Almost every organization faces health and safety hazards. It is very difficult to eliminate the hazards from the organization especially from those organizations which deal in construction and mining. The employees are at risk of getting harm. The employees may meet health hazards such as acute toxicity, serious eye damage or eye irritation, germ cell mutagenicity, skin corrosion or irritation, respiratory or skin sensitization, reproductive toxicity, carcinogenicity and safety hazards such as head injuries, body injuries, working at height, exposed to chemicals, etc. It is the priority of the organization to ensure the safety of the workers by providing them appropriate protective equipment as well as training. The employees are also required to follow the safety instructions of the trainer to avoid the accidents.

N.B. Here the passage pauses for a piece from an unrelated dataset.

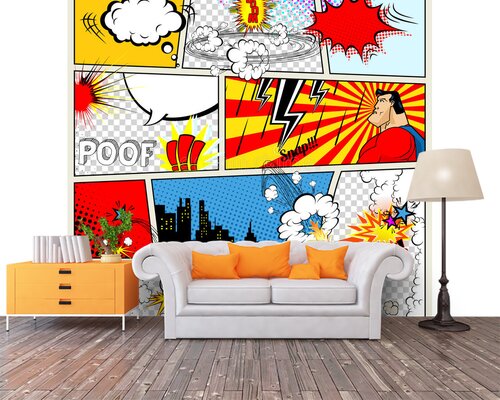 Комиксы и снова супергерои Комиксы и снова супергерои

The following are the recommendations to ensure safety at the workplace (Donham et al., 2016);
- The company should give training to the employees to be safe in the workplace.
- The company should hire a full-time safety trainer to guide the employees always.
- The company should provide the protective equipment to the employees.
- All the dangerous sites should be isolated from the employees.
- The entire dangerous site, as well as machinery, should be identified and a signboard of danger should be placed.
- The old machinery should be replaced by the new one.
- The employees should also cooperate with the instructions of the trainer.